I remember reading somewhere that growing in a bush shape is better for colder zones rather than tree shape. Does anyone in zone 7 or below have any success with trees instead of bushes?

We live in zone 7. One of my friends has a large Texas Everbearing, trained as a single trunk tree, that never dies back. The base of that trunk is probably 8-10 inches in diameter. He bought the house with the tree already established, so we don't know its history. My guess is that it was planted during a run of 5-6 years here with exceptionally mild winters. Then once it was well established the normal weather does not bother it.

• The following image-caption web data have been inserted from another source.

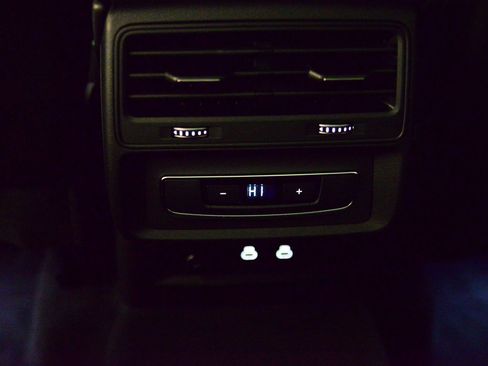 Certified 2025 Audi Q7 2.0T Premium Plus w/ Premium Plus Package image 21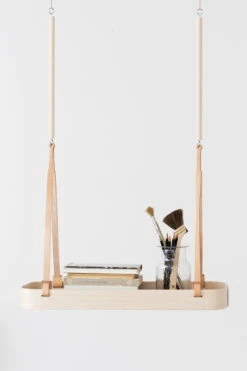 Verso Design Étagère Suspendue Tuokko, Bouleau - Gris Foncé -Ménagers Décoration Boutique TUOKKO HANGING SHELF 2B pencils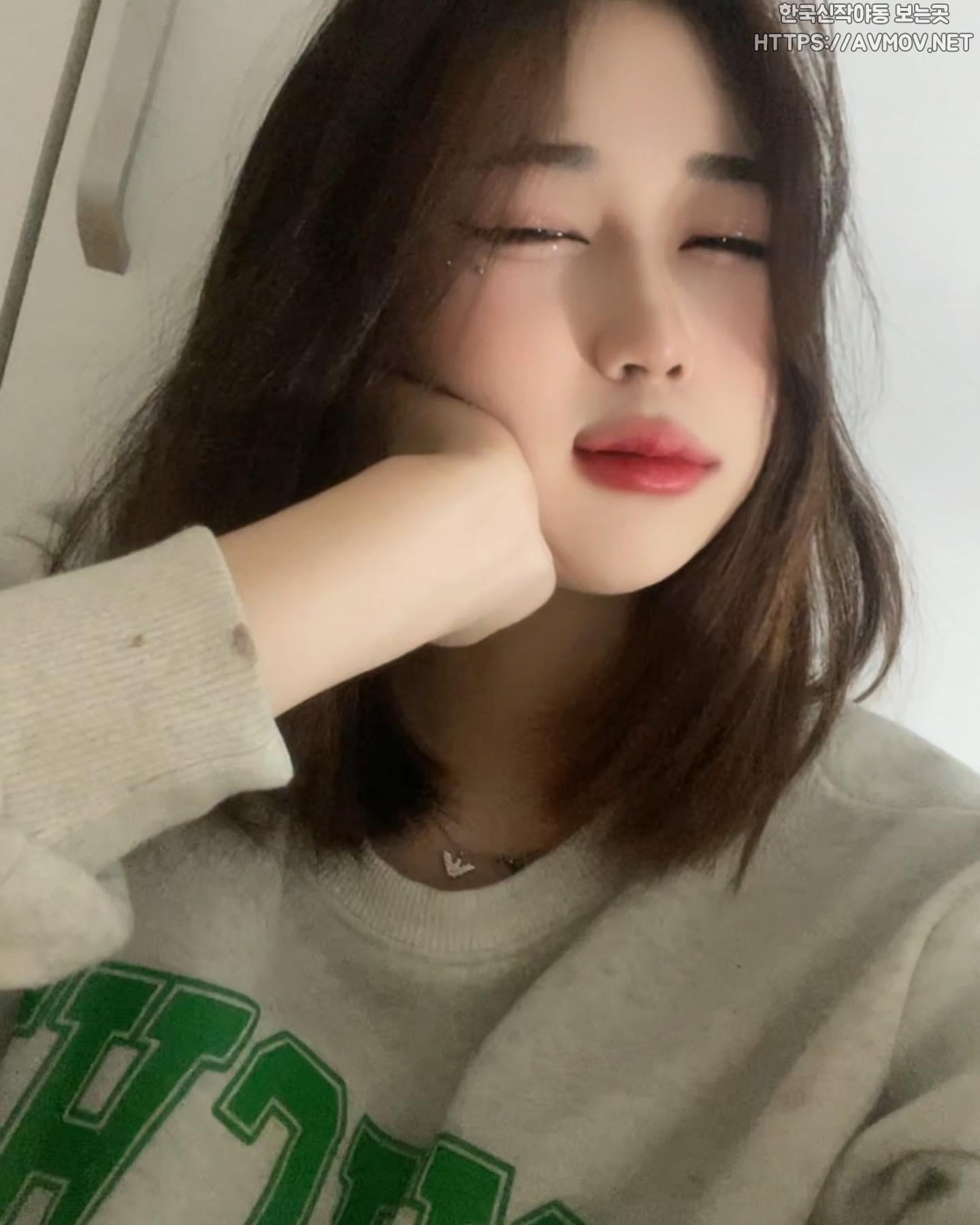 임지은 [갓스무살 회색티 러쉬알바녀] 1탄 +얼굴사진파일 5장 미리보기 12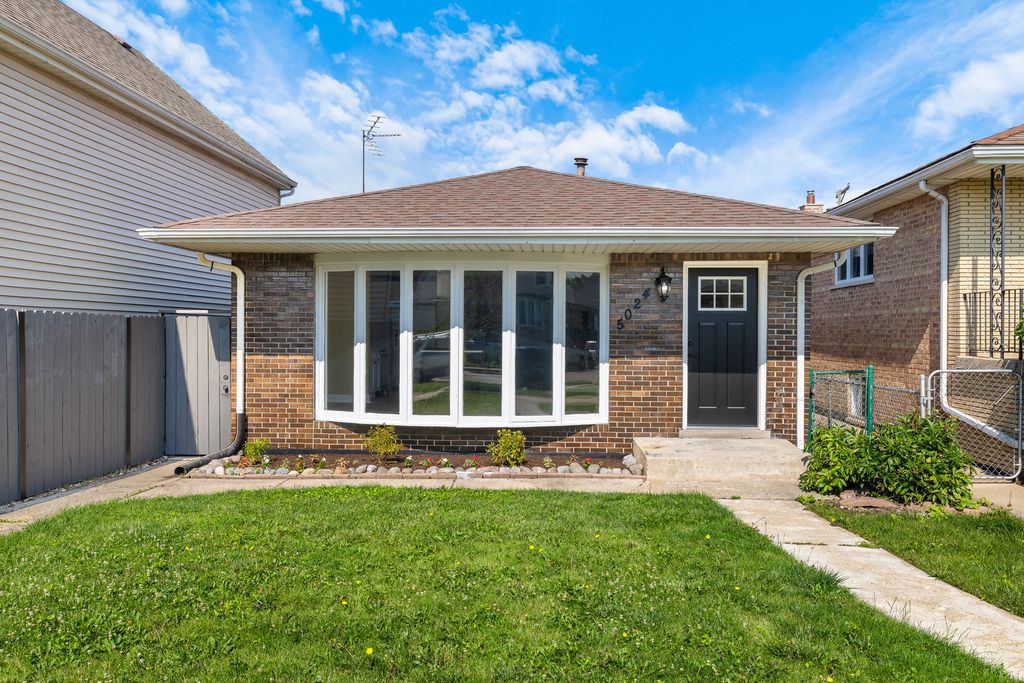 5024 S Lockwood Avenue, Chicago, IL 60638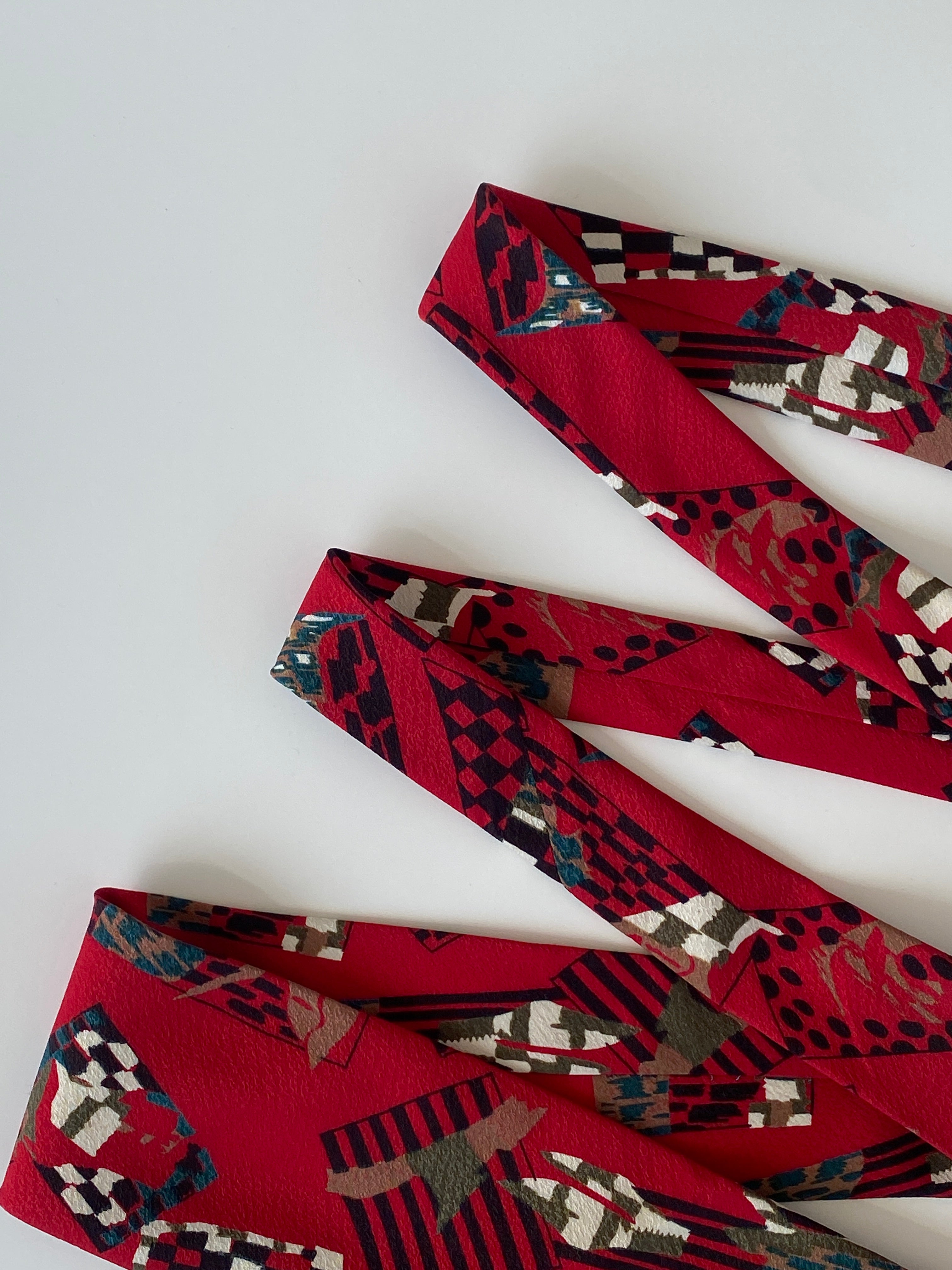 Vintage Fashion Line Men’s Red Graphic Tie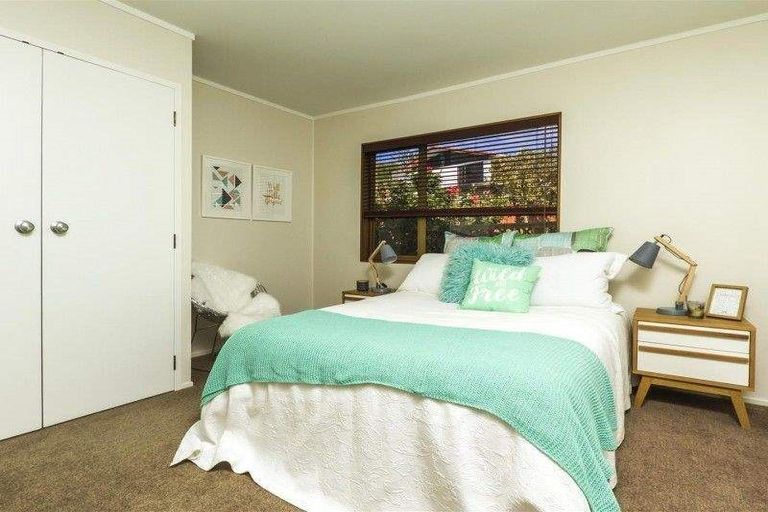 Photo of property in 9 Coromandel Crescent, Mairangi Bay, Auckland, 0630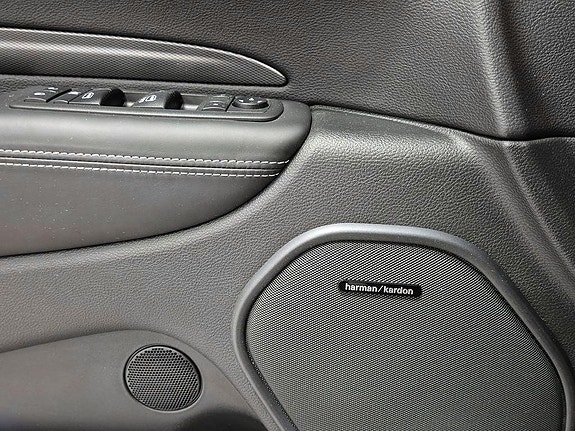 Dodge Durango 15 of 21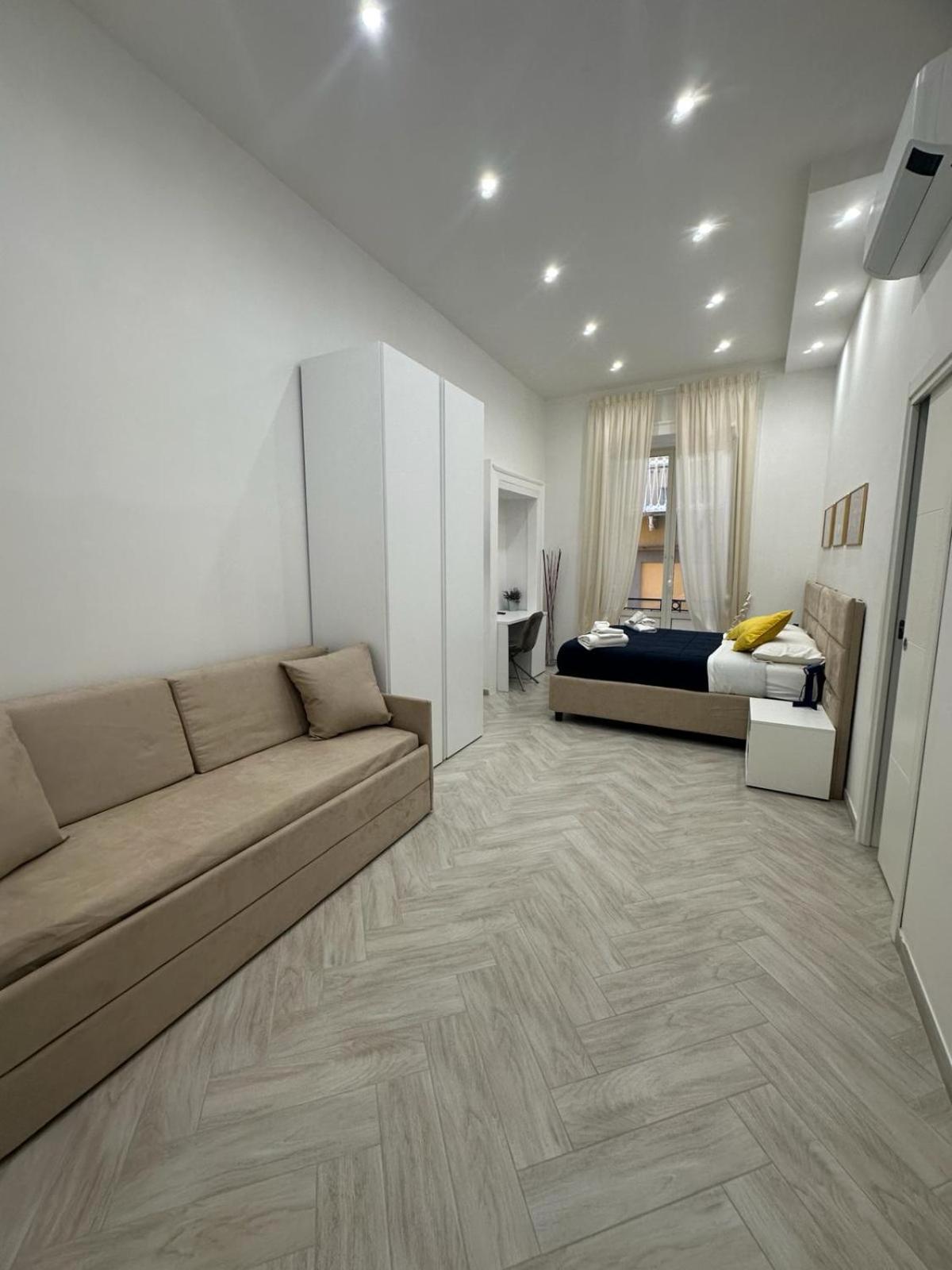 Hotel Flo' à Naples Extérieur photo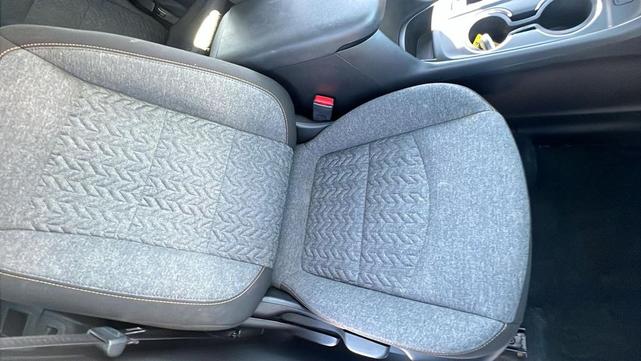 Photo of 2023 White Chevrolet Equinox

Also, there is one old fig tree in town, with yellow figs, that is tree form. I plan to go inspect it soon for freeze damage since this year was so cold (low of 4F). I suspect that many varieties gain significantly in cold hardiness as they get older, thus allowing for the single trunk tree form.

Hi,
I'm a sevener as well.
I normally keep my trees in bush - and I only have small cultivars - Strains known to stay under 2 meters of height .
Keeping them in a bush is handy when you want to propagate them or give them to friends/neighbors - and if the winter kills a stem, chances are another one keeps growing.
But for 4 years I have a "longue d'aout" that keeps growing on a single stem - she's like two pens in thickness .
For two years, I have a BT, growing on two stems - those two don't want to make suckers - perhaps this year who knows ...
I'm now training 3 trees to tree form - but I leave most of them bush style.
It only makes a difference when the winter is really hard like in 2012 here. But I lost trees and bushes of the same strain / 5 lost + my former "Sultane" - February 2013 was just too cold for in ground fig trees.

So my conclusion was : I need a better winter protection system ! and I need the keep the beasts small for easy winter protection .

I'm planning on planting a few varieties this spring, I'd rather train them in a single trunk form, maybe I'd be better off keeping a few stems and a few years down the road trim it down to one?